> _Work instructions_:
There is one span to output from the data below: the lines starting at the line with "Nautical Cruise Pattern" and ending at the line with "patterned-wallpaper-ethno-fish". Output it exactly, ends included, nothing more.

> _Listed entries_:
######
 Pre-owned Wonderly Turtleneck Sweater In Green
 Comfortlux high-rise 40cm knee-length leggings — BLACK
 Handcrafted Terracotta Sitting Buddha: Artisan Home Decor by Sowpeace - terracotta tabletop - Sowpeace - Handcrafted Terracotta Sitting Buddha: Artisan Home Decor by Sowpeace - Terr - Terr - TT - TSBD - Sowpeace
######
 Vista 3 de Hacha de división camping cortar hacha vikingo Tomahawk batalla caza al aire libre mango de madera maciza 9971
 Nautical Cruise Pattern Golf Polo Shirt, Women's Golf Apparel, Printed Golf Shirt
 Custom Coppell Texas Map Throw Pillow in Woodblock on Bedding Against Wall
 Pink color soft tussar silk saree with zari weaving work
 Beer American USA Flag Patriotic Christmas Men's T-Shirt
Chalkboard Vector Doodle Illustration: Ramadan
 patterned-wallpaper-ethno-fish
######
> _Result_:
 Nautical Cruise Pattern Golf Polo Shirt, Women's Golf Apparel, Printed Golf Shirt
 Custom Coppell Texas Map Throw Pillow in Woodblock on Bedding Against Wall
 Pink color soft tussar silk saree with zari weaving work
 Beer American USA Flag Patriotic Christmas Men's T-Shirt
Chalkboard Vector Doodle Illustration: Ramadan
 patterned-wallpaper-ethno-fish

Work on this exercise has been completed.